- [What is needed]
Reproduce the data exactly; no word may be added or dropped.

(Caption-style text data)
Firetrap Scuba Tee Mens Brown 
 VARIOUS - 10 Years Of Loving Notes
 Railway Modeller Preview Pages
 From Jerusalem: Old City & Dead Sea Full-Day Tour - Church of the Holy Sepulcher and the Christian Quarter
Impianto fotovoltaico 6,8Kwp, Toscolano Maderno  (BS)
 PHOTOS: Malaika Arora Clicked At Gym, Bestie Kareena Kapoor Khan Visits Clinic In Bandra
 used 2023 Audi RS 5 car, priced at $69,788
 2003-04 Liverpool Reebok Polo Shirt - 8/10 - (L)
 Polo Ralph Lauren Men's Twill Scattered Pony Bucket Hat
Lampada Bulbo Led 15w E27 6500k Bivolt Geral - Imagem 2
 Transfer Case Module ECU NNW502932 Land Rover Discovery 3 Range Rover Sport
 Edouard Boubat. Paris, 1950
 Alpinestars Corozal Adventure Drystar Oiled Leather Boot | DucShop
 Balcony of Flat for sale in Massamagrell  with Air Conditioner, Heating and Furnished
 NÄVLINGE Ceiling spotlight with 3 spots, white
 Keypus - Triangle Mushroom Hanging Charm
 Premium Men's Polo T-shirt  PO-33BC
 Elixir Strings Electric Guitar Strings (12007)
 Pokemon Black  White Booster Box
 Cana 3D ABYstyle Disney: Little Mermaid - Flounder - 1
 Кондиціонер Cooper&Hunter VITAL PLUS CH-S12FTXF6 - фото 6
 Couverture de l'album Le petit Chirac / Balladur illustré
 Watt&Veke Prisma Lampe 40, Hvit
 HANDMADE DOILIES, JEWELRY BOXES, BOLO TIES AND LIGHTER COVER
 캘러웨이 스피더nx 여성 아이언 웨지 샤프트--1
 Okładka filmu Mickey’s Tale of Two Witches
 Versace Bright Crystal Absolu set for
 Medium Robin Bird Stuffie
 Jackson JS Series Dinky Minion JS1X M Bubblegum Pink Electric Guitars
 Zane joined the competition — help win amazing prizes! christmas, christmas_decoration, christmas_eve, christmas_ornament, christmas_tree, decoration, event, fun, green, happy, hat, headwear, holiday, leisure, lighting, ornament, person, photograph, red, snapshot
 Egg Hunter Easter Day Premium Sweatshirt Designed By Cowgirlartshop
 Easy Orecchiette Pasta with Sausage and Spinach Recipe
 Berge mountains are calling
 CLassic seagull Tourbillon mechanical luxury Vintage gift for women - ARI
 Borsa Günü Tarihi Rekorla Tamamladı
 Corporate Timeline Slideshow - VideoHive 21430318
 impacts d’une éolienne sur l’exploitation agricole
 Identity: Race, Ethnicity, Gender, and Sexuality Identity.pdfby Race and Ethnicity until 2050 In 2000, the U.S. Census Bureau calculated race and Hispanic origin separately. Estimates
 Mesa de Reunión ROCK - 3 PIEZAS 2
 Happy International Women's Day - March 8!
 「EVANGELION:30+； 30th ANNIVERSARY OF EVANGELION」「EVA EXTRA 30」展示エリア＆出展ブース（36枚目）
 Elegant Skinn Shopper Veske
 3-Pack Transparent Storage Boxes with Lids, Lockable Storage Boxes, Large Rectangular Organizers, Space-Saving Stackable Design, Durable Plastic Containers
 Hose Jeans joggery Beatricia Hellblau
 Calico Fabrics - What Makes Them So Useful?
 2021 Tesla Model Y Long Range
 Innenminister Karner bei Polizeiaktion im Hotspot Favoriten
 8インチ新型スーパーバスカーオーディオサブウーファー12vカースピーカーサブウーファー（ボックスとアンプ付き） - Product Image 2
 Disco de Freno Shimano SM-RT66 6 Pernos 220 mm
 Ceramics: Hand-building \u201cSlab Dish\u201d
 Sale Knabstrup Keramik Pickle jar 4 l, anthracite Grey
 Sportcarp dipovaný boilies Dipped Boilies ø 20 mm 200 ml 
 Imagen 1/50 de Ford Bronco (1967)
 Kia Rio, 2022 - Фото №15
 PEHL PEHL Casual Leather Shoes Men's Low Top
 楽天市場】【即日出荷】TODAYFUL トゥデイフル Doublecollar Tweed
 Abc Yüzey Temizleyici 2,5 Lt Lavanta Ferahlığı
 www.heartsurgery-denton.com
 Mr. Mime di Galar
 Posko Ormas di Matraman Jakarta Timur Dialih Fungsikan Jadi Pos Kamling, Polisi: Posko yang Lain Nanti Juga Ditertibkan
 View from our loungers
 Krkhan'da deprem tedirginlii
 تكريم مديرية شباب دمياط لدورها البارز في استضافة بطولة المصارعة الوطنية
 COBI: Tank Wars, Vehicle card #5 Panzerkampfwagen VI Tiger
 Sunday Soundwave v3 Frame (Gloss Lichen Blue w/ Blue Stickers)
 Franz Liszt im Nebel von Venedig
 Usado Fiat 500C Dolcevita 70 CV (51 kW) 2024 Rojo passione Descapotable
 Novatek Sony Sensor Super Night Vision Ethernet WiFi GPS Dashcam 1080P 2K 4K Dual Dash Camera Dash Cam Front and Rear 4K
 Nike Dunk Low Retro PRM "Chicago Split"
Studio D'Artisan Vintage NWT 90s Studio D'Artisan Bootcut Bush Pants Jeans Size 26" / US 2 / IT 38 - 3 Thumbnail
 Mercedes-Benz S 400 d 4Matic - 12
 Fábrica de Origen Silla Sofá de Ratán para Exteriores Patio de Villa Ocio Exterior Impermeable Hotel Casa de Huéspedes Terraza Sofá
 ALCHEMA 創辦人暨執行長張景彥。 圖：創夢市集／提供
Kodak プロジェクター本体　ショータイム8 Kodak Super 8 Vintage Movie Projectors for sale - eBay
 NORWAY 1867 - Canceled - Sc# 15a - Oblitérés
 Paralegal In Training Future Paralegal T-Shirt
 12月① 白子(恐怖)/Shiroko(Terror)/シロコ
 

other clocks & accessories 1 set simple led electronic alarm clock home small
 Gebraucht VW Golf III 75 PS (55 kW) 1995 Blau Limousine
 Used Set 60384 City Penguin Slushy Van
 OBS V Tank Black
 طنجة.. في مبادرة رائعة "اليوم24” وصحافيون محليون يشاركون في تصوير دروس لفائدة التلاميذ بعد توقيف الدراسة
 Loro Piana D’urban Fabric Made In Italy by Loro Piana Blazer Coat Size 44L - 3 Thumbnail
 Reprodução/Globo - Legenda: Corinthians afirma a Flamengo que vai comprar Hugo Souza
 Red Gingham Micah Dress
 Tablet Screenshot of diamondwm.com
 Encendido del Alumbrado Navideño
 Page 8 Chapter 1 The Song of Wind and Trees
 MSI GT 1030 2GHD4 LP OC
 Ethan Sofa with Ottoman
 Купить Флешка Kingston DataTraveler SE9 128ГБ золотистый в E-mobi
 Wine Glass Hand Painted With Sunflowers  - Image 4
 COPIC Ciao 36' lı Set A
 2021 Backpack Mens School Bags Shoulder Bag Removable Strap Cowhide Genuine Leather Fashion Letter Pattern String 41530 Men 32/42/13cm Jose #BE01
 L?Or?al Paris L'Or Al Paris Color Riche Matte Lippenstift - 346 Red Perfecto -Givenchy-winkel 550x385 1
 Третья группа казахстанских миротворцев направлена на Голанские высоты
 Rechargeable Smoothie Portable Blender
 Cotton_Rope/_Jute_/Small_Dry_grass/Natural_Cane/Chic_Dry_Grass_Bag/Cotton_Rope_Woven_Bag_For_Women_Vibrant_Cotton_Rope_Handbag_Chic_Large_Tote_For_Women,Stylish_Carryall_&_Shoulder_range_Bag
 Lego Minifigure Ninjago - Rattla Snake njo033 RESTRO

- [Answer to this problem]
Firetrap Scuba Tee Mens Brown 
 VARIOUS - 10 Years Of Loving Notes
 Railway Modeller Preview Pages
 From Jerusalem: Old City & Dead Sea Full-Day Tour - Church of the Holy Sepulcher and the Christian Quarter
Impianto fotovoltaico 6,8Kwp, Toscolano Maderno  (BS)
 PHOTOS: Malaika Arora Clicked At Gym, Bestie Kareena Kapoor Khan Visits Clinic In Bandra
 used 2023 Audi RS 5 car, priced at $69,788
 2003-04 Liverpool Reebok Polo Shirt - 8/10 - (L)
 Polo Ralph Lauren Men's Twill Scattered Pony Bucket Hat
Lampada Bulbo Led 15w E27 6500k Bivolt Geral - Imagem 2
 Transfer Case Module ECU NNW502932 Land Rover Discovery 3 Range Rover Sport
 Edouard Boubat. Paris, 1950
 Alpinestars Corozal Adventure Drystar Oiled Leather Boot | DucShop
 Balcony of Flat for sale in Massamagrell  with Air Conditioner, Heating and Furnished
 NÄVLINGE Ceiling spotlight with 3 spots, white
 Keypus - Triangle Mushroom Hanging Charm
 Premium Men's Polo T-shirt  PO-33BC
 Elixir Strings Electric Guitar Strings (12007)
 Pokemon Black  White Booster Box
 Cana 3D ABYstyle Disney: Little Mermaid - Flounder - 1
 Кондиціонер Cooper&Hunter VITAL PLUS CH-S12FTXF6 - фото 6
 Couverture de l'album Le petit Chirac / Balladur illustré
 Watt&Veke Prisma Lampe 40, Hvit
 HANDMADE DOILIES, JEWELRY BOXES, BOLO TIES AND LIGHTER COVER
 캘러웨이 스피더nx 여성 아이언 웨지 샤프트--1
 Okładka filmu Mickey’s Tale of Two Witches
 Versace Bright Crystal Absolu set for
 Medium Robin Bird Stuffie
 Jackson JS Series Dinky Minion JS1X M Bubblegum Pink Electric Guitars
 Zane joined the competition — help win amazing prizes! christmas, christmas_decoration, christmas_eve, christmas_ornament, christmas_tree, decoration, event, fun, green, happy, hat, headwear, holiday, leisure, lighting, ornament, person, photograph, red, snapshot
 Egg Hunter Easter Day Premium Sweatshirt Designed By Cowgirlartshop
 Easy Orecchiette Pasta with Sausage and Spinach Recipe
 Berge mountains are calling
 CLassic seagull Tourbillon mechanical luxury Vintage gift for women - ARI
 Borsa Günü Tarihi Rekorla Tamamladı
 Corporate Timeline Slideshow - VideoHive 21430318
 impacts d’une éolienne sur l’exploitation agricole
 Identity: Race, Ethnicity, Gender, and Sexuality Identity.pdfby Race and Ethnicity until 2050 In 2000, the U.S. Census Bureau calculated race and Hispanic origin separately. Estimates
 Mesa de Reunión ROCK - 3 PIEZAS 2
 Happy International Women's Day - March 8!
 「EVANGELION:30+； 30th ANNIVERSARY OF EVANGELION」「EVA EXTRA 30」展示エリア＆出展ブース（36枚目）
 Elegant Skinn Shopper Veske
 3-Pack Transparent Storage Boxes with Lids, Lockable Storage Boxes, Large Rectangular Organizers, Space-Saving Stackable Design, Durable Plastic Containers
 Hose Jeans joggery Beatricia Hellblau
 Calico Fabrics - What Makes Them So Useful?
 2021 Tesla Model Y Long Range
 Innenminister Karner bei Polizeiaktion im Hotspot Favoriten
 8インチ新型スーパーバスカーオーディオサブウーファー12vカースピーカーサブウーファー（ボックスとアンプ付き） - Product Image 2
 Disco de Freno Shimano SM-RT66 6 Pernos 220 mm
 Ceramics: Hand-building \u201cSlab Dish\u201d
 Sale Knabstrup Keramik Pickle jar 4 l, anthracite Grey
 Sportcarp dipovaný boilies Dipped Boilies ø 20 mm 200 ml 
 Imagen 1/50 de Ford Bronco (1967)
 Kia Rio, 2022 - Фото №15
 PEHL PEHL Casual Leather Shoes Men's Low Top
 楽天市場】【即日出荷】TODAYFUL トゥデイフル Doublecollar Tweed
 Abc Yüzey Temizleyici 2,5 Lt Lavanta Ferahlığı
 www.heartsurgery-denton.com
 Mr. Mime di Galar
 Posko Ormas di Matraman Jakarta Timur Dialih Fungsikan Jadi Pos Kamling, Polisi: Posko yang Lain Nanti Juga Ditertibkan
 View from our loungers
 Krkhan'da deprem tedirginlii
 تكريم مديرية شباب دمياط لدورها البارز في استضافة بطولة المصارعة الوطنية
 COBI: Tank Wars, Vehicle card #5 Panzerkampfwagen VI Tiger
 Sunday Soundwave v3 Frame (Gloss Lichen Blue w/ Blue Stickers)
 Franz Liszt im Nebel von Venedig
 Usado Fiat 500C Dolcevita 70 CV (51 kW) 2024 Rojo passione Descapotable
 Novatek Sony Sensor Super Night Vision Ethernet WiFi GPS Dashcam 1080P 2K 4K Dual Dash Camera Dash Cam Front and Rear 4K
 Nike Dunk Low Retro PRM "Chicago Split"
Studio D'Artisan Vintage NWT 90s Studio D'Artisan Bootcut Bush Pants Jeans Size 26" / US 2 / IT 38 - 3 Thumbnail
 Mercedes-Benz S 400 d 4Matic - 12
 Fábrica de Origen Silla Sofá de Ratán para Exteriores Patio de Villa Ocio Exterior Impermeable Hotel Casa de Huéspedes Terraza Sofá
 ALCHEMA 創辦人暨執行長張景彥。 圖：創夢市集／提供
Kodak プロジェクター本体　ショータイム8 Kodak Super 8 Vintage Movie Projectors for sale - eBay
 NORWAY 1867 - Canceled - Sc# 15a - Oblitérés
 Paralegal In Training Future Paralegal T-Shirt
 12月① 白子(恐怖)/Shiroko(Terror)/シロコ
 

other clocks & accessories 1 set simple led electronic alarm clock home small
 Gebraucht VW Golf III 75 PS (55 kW) 1995 Blau Limousine
 Used Set 60384 City Penguin Slushy Van
 OBS V Tank Black
 طنجة.. في مبادرة رائعة "اليوم24” وصحافيون محليون يشاركون في تصوير دروس لفائدة التلاميذ بعد توقيف الدراسة
 Loro Piana D’urban Fabric Made In Italy by Loro Piana Blazer Coat Size 44L - 3 Thumbnail
 Reprodução/Globo - Legenda: Corinthians afirma a Flamengo que vai comprar Hugo Souza
 Red Gingham Micah Dress
 Tablet Screenshot of diamondwm.com
 Encendido del Alumbrado Navideño
 Page 8 Chapter 1 The Song of Wind and Trees
 MSI GT 1030 2GHD4 LP OC
 Ethan Sofa with Ottoman
 Купить Флешка Kingston DataTraveler SE9 128ГБ золотистый в E-mobi
 Wine Glass Hand Painted With Sunflowers  - Image 4
 COPIC Ciao 36' lı Set A
 2021 Backpack Mens School Bags Shoulder Bag Removable Strap Cowhide Genuine Leather Fashion Letter Pattern String 41530 Men 32/42/13cm Jose #BE01
 L?Or?al Paris L'Or Al Paris Color Riche Matte Lippenstift - 346 Red Perfecto -Givenchy-winkel 550x385 1
 Третья группа казахстанских миротворцев направлена на Голанские высоты
 Rechargeable Smoothie Portable Blender
 Cotton_Rope/_Jute_/Small_Dry_grass/Natural_Cane/Chic_Dry_Grass_Bag/Cotton_Rope_Woven_Bag_For_Women_Vibrant_Cotton_Rope_Handbag_Chic_Large_Tote_For_Women,Stylish_Carryall_&_Shoulder_range_Bag
 Lego Minifigure Ninjago - Rattla Snake njo033 RESTRO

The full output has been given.